#### Excerpted data

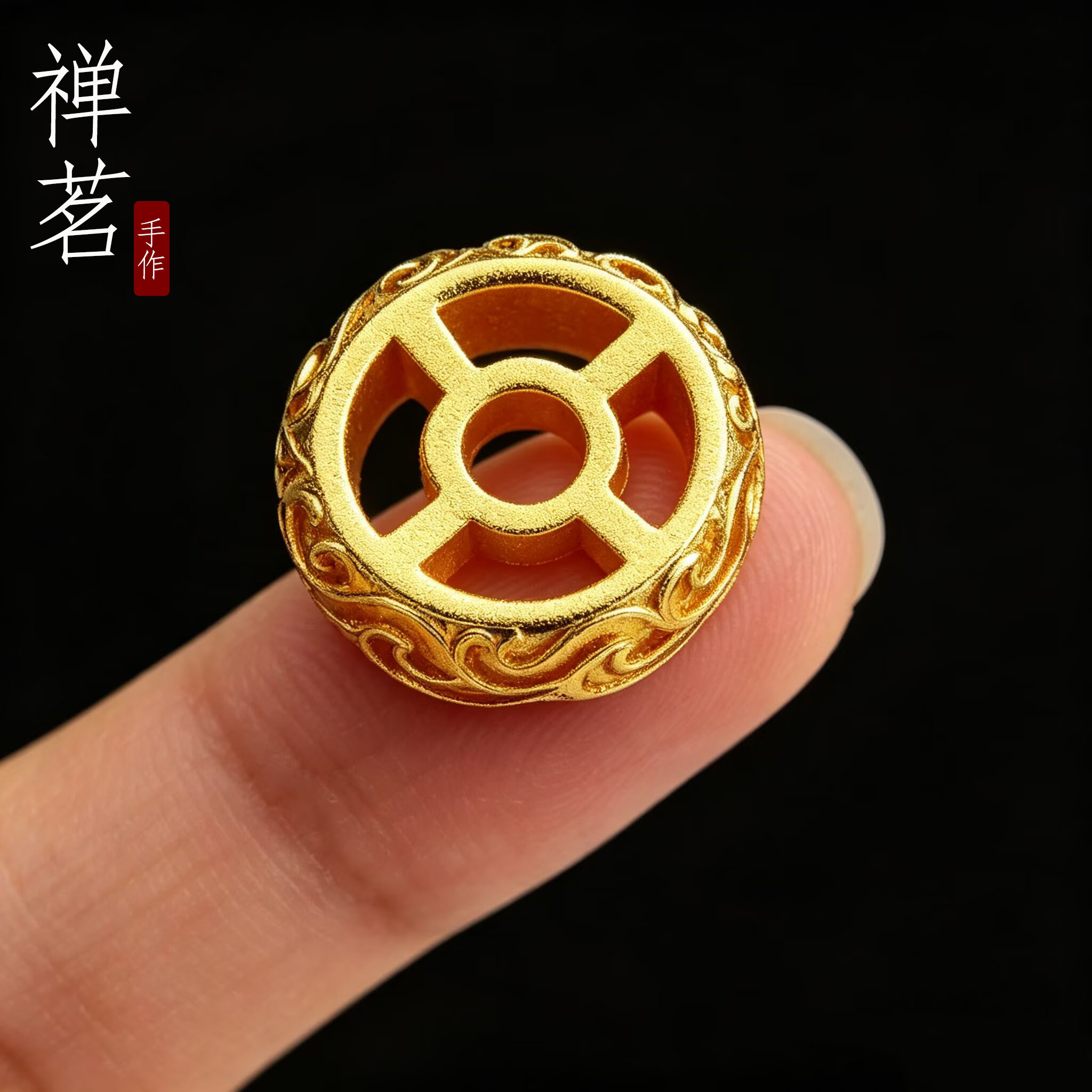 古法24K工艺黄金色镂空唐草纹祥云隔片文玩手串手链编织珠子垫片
--
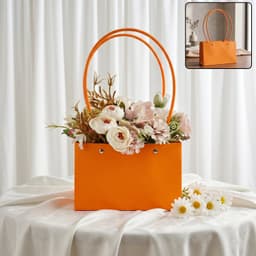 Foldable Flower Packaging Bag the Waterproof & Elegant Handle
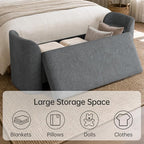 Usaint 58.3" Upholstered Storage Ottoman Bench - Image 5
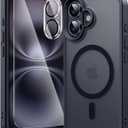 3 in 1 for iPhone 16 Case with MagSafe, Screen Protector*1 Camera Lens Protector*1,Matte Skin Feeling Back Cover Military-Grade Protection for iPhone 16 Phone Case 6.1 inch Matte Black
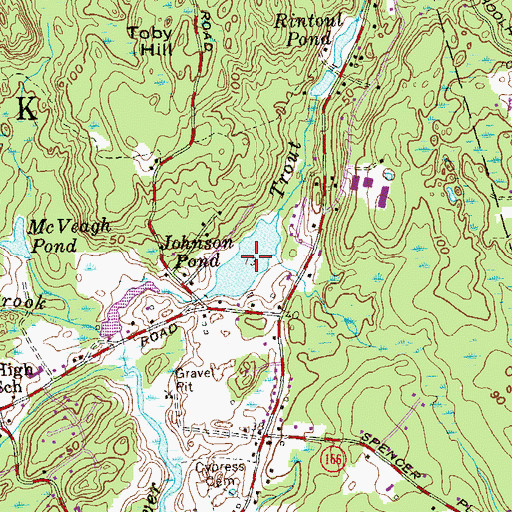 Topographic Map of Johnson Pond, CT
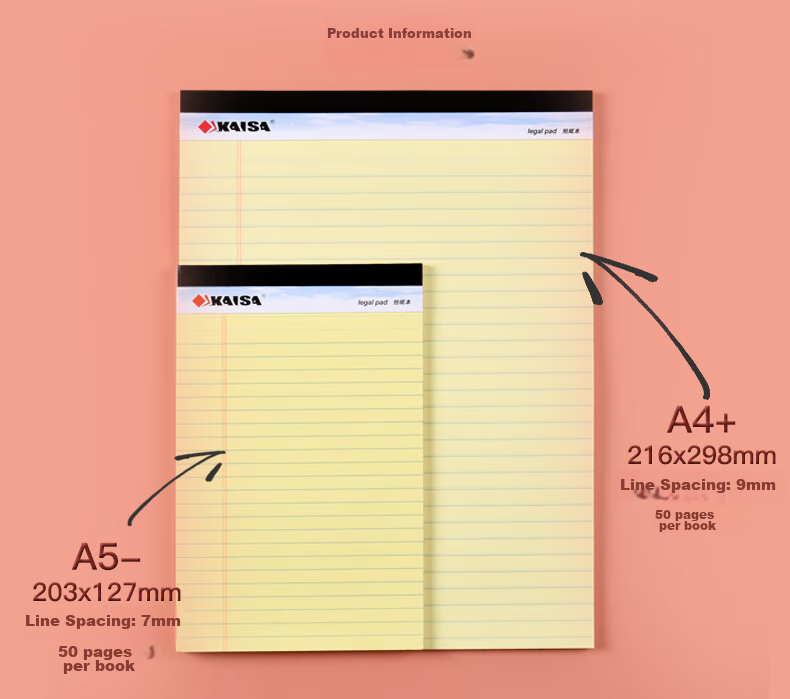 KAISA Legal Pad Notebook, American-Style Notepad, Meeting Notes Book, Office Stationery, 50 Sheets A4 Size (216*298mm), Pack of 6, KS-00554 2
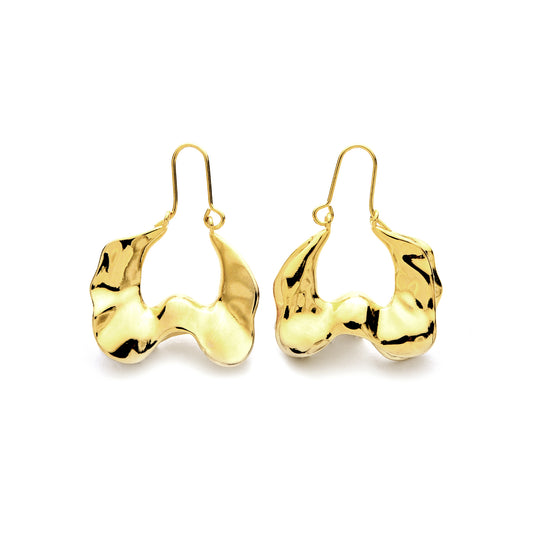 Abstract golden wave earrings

#### Exercise prompt
Although the records hold pictures, the copy must not; give again exactly the lines from the one with "Bench - Image 5" through the one with "Abstract golden wave earrings".

#### Response for this exercise
 Usaint 58.3" Upholstered Storage Ottoman Bench - Image 5
 3 in 1 for iPhone 16 Case with MagSafe, Screen Protector*1 Camera Lens Protector*1,Matte Skin Feeling Back Cover Military-Grade Protection for iPhone 16 Phone Case 6.1 inch Matte Black
 Topographic Map of Johnson Pond, CT
 KAISA Legal Pad Notebook, American-Style Notepad, Meeting Notes Book, Office Stationery, 50 Sheets A4 Size (216*298mm), Pack of 6, KS-00554 2
 Abstract golden wave earrings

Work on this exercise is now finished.